Israel responded immediately with five artillery shells, which a military spokesman said was "a pinpoint response at the source of fire."
Neither Israel nor Hezbollah in Lebanon want another war, say analysts. But that doesn't mean that Hezbollah – or its allies – won't launch small attacks on Israel or target Israeli aircraft over Lebanon, they say.
Israeli officials were reluctant to declare this the opening of another front, given that the rockets may have been fired by a pro-Palestinian militant group, but not by the Iranian-backed Hezbollah. Still, the devastating 2006 war between Israel and Hezbollah – and by default, all of Lebanon – hangs like a specter over the current fighting and is serving as both a model and an obstacle to reaching a cease-fire with Hamas.
"The first assumption is that it's not Hezbollah, it's global jihadists, groups much more connected with Al Qaeda," says Col. (Res.) Miri Eisin, a spokesperson for the Israeli government. "We're talking about a group that doesn't care about Lebanon or its politics, but uses it as a base, the way other militants do with Afghanistan or Iraq."
"That's part of the challenge," she adds. "Distinguishing between isolated incidents and opening a second front." She points out that just 10 days ago, the Lebanese government dismantled eight rockets it found aimed at Israel, indicating its intent to keep up its commitments to stop rocket fire from its territory.
Lebanon launched an investigation into the rocket attack, an act that Prime Minister Fouad Siniora called a breach of a United Nations resolution that helped end the 2006 war between Israel and Lebanon's militant Shiite Hezbollah.
In southern Lebanon, schools were closed and Lebanese troops searched vehicles at checkpoints and scoured remote valleys near the border with Israel.
Hezbollah and Palestinian groups denied responsibility for the rocket salvo. "When Hezbollah does something, it announces it and has no problem doing so," says Mohammed Fneish, minister of labor in Lebanon's national unity government who is also a Hezbollah lawmaker.
Suspicion has fallen on the Popular Front for the Liberation of Palestine-General Command (PFLP-GC), which is based in Damascus, Syria, and is an ally of Hezbollah.
Hamzi Bishtawi, a PFLP-GC official in Beirut, says his group was not involved, but it supported the attack. "We do not condemn any action against Israel," he says. "We are always with the jihadists that attack Israel."

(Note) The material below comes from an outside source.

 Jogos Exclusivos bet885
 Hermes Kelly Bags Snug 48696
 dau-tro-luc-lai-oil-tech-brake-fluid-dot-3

If Hezbollah didn't fire the rockets, did it supply them? After decades of conflict, there is no shortage of Katyusha-style rockets in Lebanon. The identity of the perpetrators could indicate whether Hezbollah was aware of the rocket attack beforehand and possibly gave it tacit blessing. Some Palestinian militant groups, such as the PFLP-GC, are allies of Hezbollah and would be unlikely to launch an attack on Israel without at least obtaining prior approval from Hezbollah and Syria.